Many documents are easy to read and understand for people, but not so much for computer tools. The textual content of the (visually oriented) PDF documents is extract and stored separately.
Known implicit structure can be made explicit. XML is a useful structured data format that is used to this end. The second data set of governmental proceedings is already available as XML and downloaded as such.
The text in the document is analysed word by word by software. Words and phrases are converted to lemmas, Named Entities (typically proper nouns) are detected, and distinctive terms (relative to other documents) are determined.
Known terms and named entities are annotated with links to Wikipedia. In the proceedings, known politicians (and parties) are explicitly identified as unique people.
The structured, annotated data is made accessible online, through search interfaces, document viewers and aggregate charts.
Here we present five tools that were implemented using the data sets. They are examples of many other possible tools, that range from data exploration to fact checking.
Most of the tools can be accessed through ode-tools.
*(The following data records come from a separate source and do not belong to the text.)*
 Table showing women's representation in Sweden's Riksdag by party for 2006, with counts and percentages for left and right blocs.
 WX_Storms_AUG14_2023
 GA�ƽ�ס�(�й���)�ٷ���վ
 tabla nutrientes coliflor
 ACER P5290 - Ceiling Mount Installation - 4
With the documents and analyses available, a first application is to visualise a summary of each document. A popular method for such visualisations is a wordcloud. The terms shown here are from a document about local amateur football club AFC. Each term is lemmatised, and only verbs, nouns and adjectives are included. The sizes signify how representative the word is for this document (compared to the other documents in the municipality data set).
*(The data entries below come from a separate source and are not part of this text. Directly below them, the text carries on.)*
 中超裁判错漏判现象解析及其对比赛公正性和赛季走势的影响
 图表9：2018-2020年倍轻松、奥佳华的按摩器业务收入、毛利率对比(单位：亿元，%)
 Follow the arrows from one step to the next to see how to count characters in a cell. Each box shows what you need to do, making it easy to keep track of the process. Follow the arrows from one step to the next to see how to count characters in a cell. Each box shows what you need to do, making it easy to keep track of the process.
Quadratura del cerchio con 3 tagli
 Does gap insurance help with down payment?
Summaries can go further than standard wordclouds. Our document viewer for instance also lists entities, ordered by count, with an internal link to the first occurrence. The summary can thus serve as a document index on subjects.
After documents are made available as open data, a good next step is to facilitate search within those documents. Most search engines will show documents with a short text snippet where the query term was found. The relevance of a document might not be directly clear from just a snippet.
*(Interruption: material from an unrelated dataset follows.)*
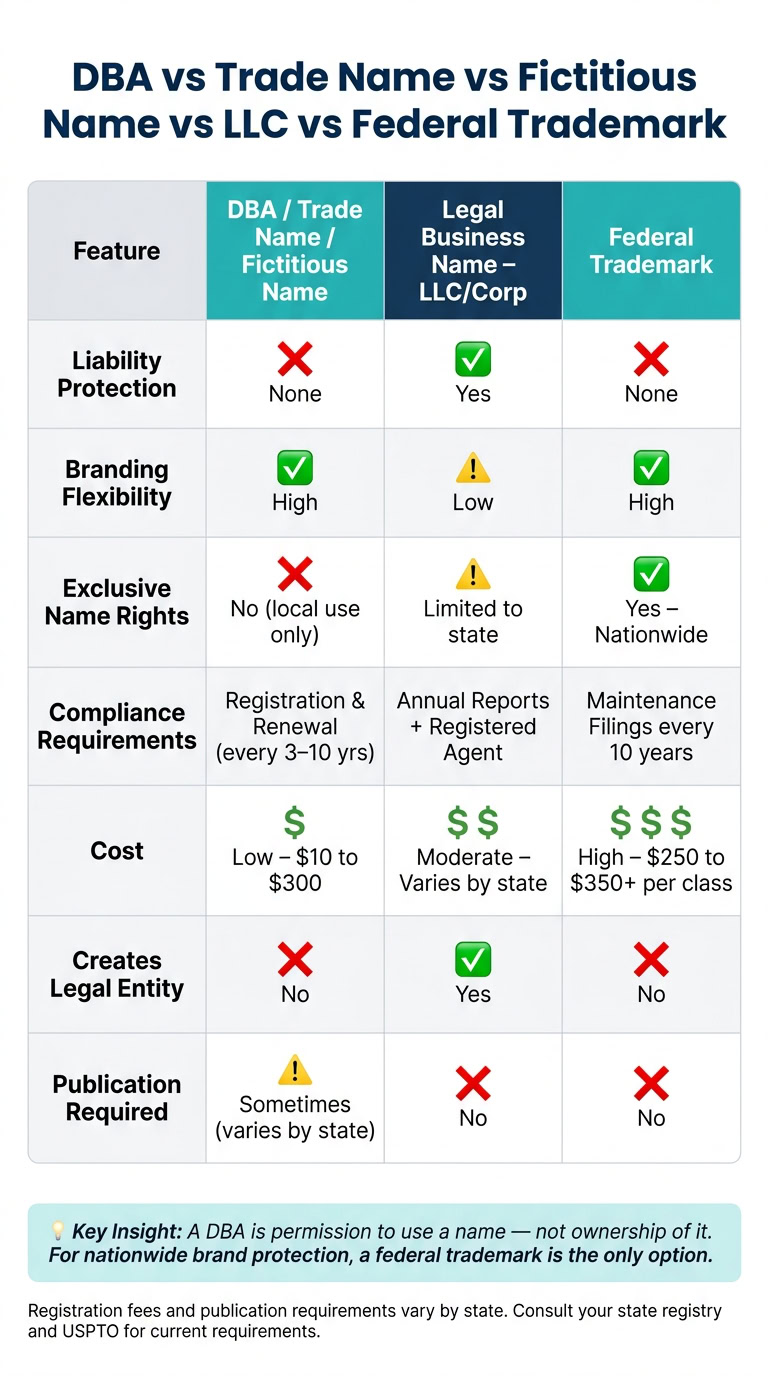 Infographic comparing DBA, trade name, fictitious name, LLC, and federal trademark features for business registration.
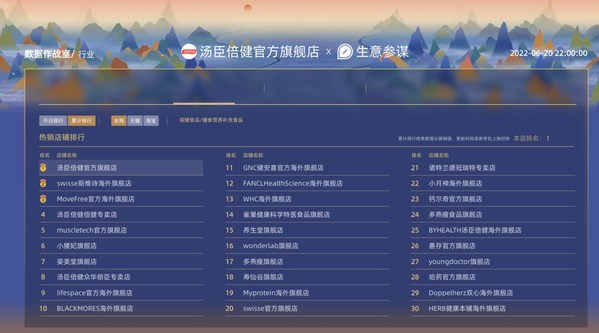 数据来源:生意参谋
The document summaries can be used to create a short indicator of the topic of a document. In the search results shown here, several roles of Amsterdam Schiphol Airport can be distinguished, such as an employment provider, a country border, or a destination within bird colonies.
The more structured governmental proceedings can sometimes be quite long, even for a single topic. When reading through such documents, it can be useful both to have a quick overview of the current subject, and find related information online.
The example shown displays a single paragraph of text, with the detected named entities listed explicitly below. Each entity links to Wikipedia for background information.
Larger data sets, spanning a more significant length of time, are by often well suited for chronological time line visualisations. One example shown here is a plot of an entity (Libya) from 2001-2012. A significant spike is visible at the beginning of 2011, when an important event took place that was widely discussed internationally.
Time lines can be deceptive and require interpretation to have meaning. They are an interesting possibility for exploration however. The chart tool allows a direct link a search for documents, containing the given entity within the specific time range. It is easy to imagine a new combined tool that shows for instance a summary of a set of documents for a given time period.
The last application combines several different annotations and an external data source, for an automated news query.
When questions are asked in the Lower House during a “question hour”, related news articles are often published by newspapers. An external institute, The European Media Monitor, collects news articles and has these available for querying.
From the structured proceedings data, we know several things. First, the questions are present in the document as text elements attributed to the specific person asking the question. Second, the date of the the meeting determines when news articles are likely published. Finally, the document summary describes the likely topic of the news articles.
The information is combined to create a query to the EMM service. In words, the queried news articles must contain at least the name of the speaker who asked the question, should be published around the date of the meeting, and should contain at least one of the top ten distinctive terms. The returned set of news articles is further then analysed to collapse similar articles.